The young woman’s shoes
the color of buttercups —
a gray city rain.
The Monday subway station’s
full of faces
fair as flowers
– See!
Then the rush, the push,
the train’s electric flexing
the shut doors’ hush
the deliberate departure
and upon the vacant station
silence settles:
the bough stripped of its petals
Spring…
When you…
We are waiting…
So long since…
Speaking of…
Forgotten, just like…
No matter, when…
And if, my…
That too we will…
Drinking the driven storm, the sturdy apple
Dances, between sky and earth, her spring-young leaves.
Knowing no purpose, knowing only season,
Her spring-young leaves, storm-driven, dapple
Earth and sky; all that my eye perceives
Dances. My eye drinks in the apple’s spring-
Young leaves, her dance that has no reason:
Only the storm, driving each dappled thing.
This poetic form is called san san, which means “three three” in Chinese (and is a term of art in the game Go). It rhymes as you see (a-b-c-a-b-d-c-d), and also repeats, three times, each of three terms or images; here, the driven storm; the spring-young leaves; the dance.
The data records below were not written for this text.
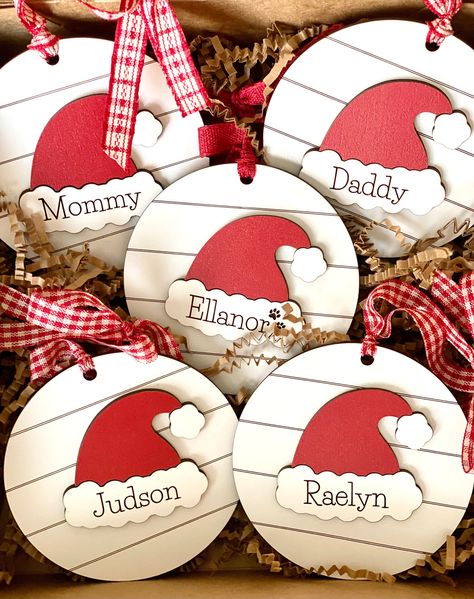 NOW with the option to add 2022 to the base of the ornament!  Add a sweet touch to your Christmas tree with personalized Faux Shiplap SANTA HAT or STOCKING ornaments for the entire family, even the pets!  These ornaments can be handed down through the years and become cherished keepsakes.  Coordinating ribbons are included, and the style of ribbon will vary depending on what we have on hand.  (Faux shiplap is a solid surface with the lines etched into the material.) Hat Ornaments, Fall Dec, Stocking Ornaments, Fancy Christmas Ornaments, Fancy Christmas, Faux Shiplap, Stocking Ornament, Family Pets, Fancy Hats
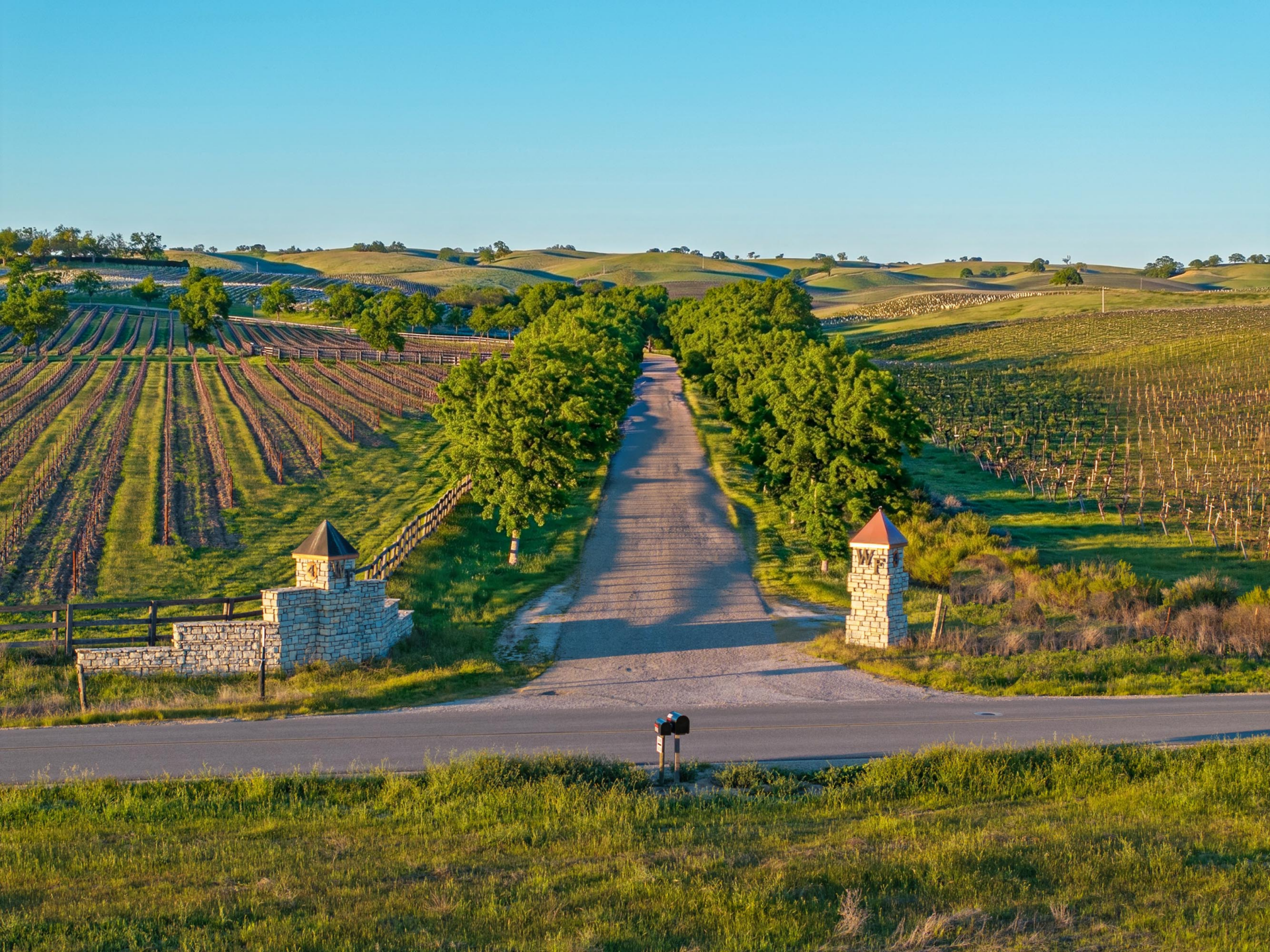The entrance to Alex Trebek’s former California vineyard down a long concrete drievway.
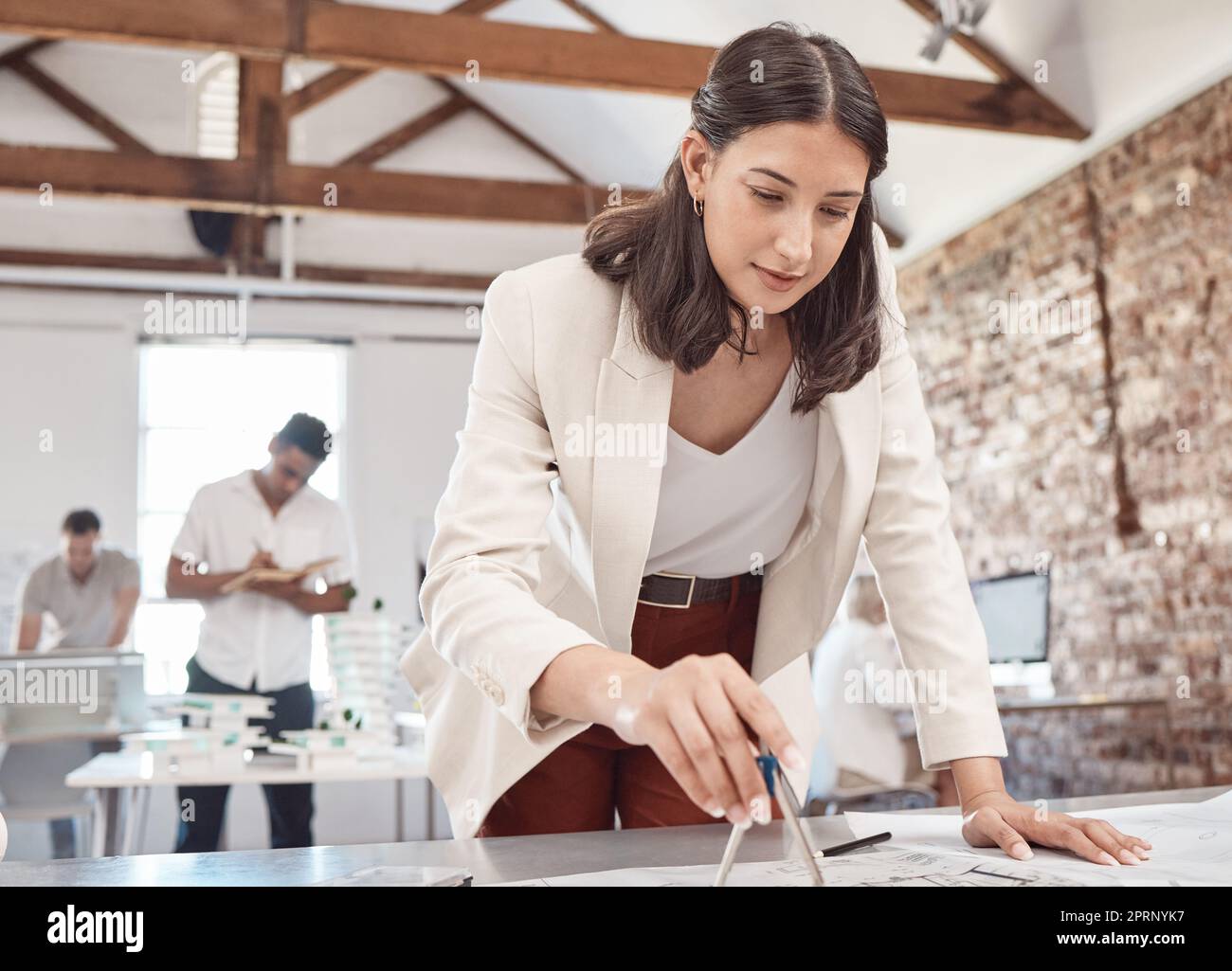 Architect, blueprint and design with a woman engineer working on a plan in her office at work. Construction, designer and architecture with a female creative working on building plans for development Stock Photo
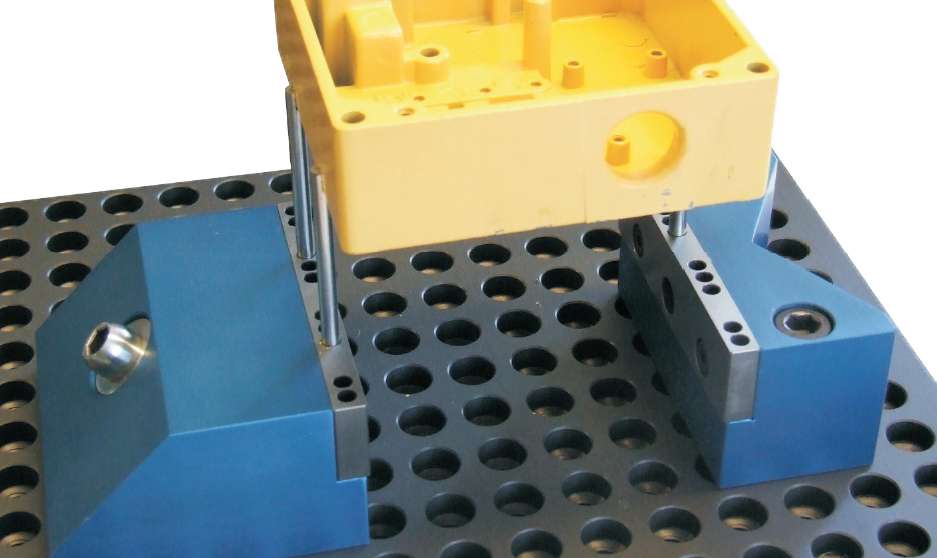 ALUMESS.maxx Niederzugspanner und Festblock mit 120° Prisma Anwendungsbeispiel zusammen mit Aufnahmestiften auf Basisplatte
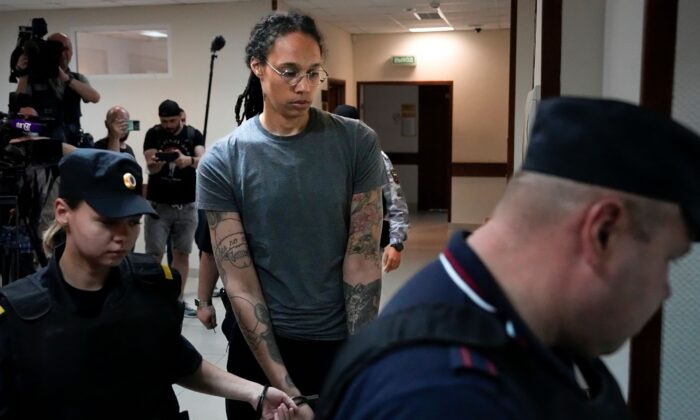 WNBA star and two-time Olympic gold medalist Brittney Griner (C) is escorted in a court room prior to a hearing, in Khimki just outside Moscow, Russia, on Aug. 4, 2022. (Alexander Zemlianichenko/AP Photo)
Dear reader, I’m curious: of the versions below, which do you prefer (if either), and why?
I.
They built a grand monument to the dead
And the place where the stone was quarried
Soon filled up with rainwater
And the young couples would meet there.
II.
Built to commemorate the dead
This palace stands, untenanted.
By the still pool in the quarry pit
The lovers sometimes come to sit.
One day this
will be recalled (if
at all) by you
as a golden
day a beach of pure
sand and flocks of
majestic white birds that
spreading curved wings
rose at first
imperceptibly then
inexorably into
aching flight as
we watched them knowing
all would be well and
no one will be left to say
that’s
inaccurate
since my present vision of
this will perish
lacking the heft and
polish of history but
for the record here
is what breaks my present heart this
little girl now running across
low tide’s litter now daring
those greasy waves now
scattering the dirty gulls that are
yammering and (I can
see it all
now) about to
take off
clumsily into an
implacable
future.
I too have sentimental leanings,
Inchoate sensibilities,
Vague yearnings,
And feel the pull of those
Old, stupid, useful words, like
Love; dreams; desire;
From which nothing can save us
But the things themselves:
On our kitchen table lie
The blown still-moist petals
Of Friday’s flowers.
Two gates of sleep; the one of horn, the one of ivory.
Odyssey XIX, 560-565
Undermined, toppled, then half washed away
By memory’s undertow,
The gates of sleep are wrack by day;
Dreams true or false to miscellany go.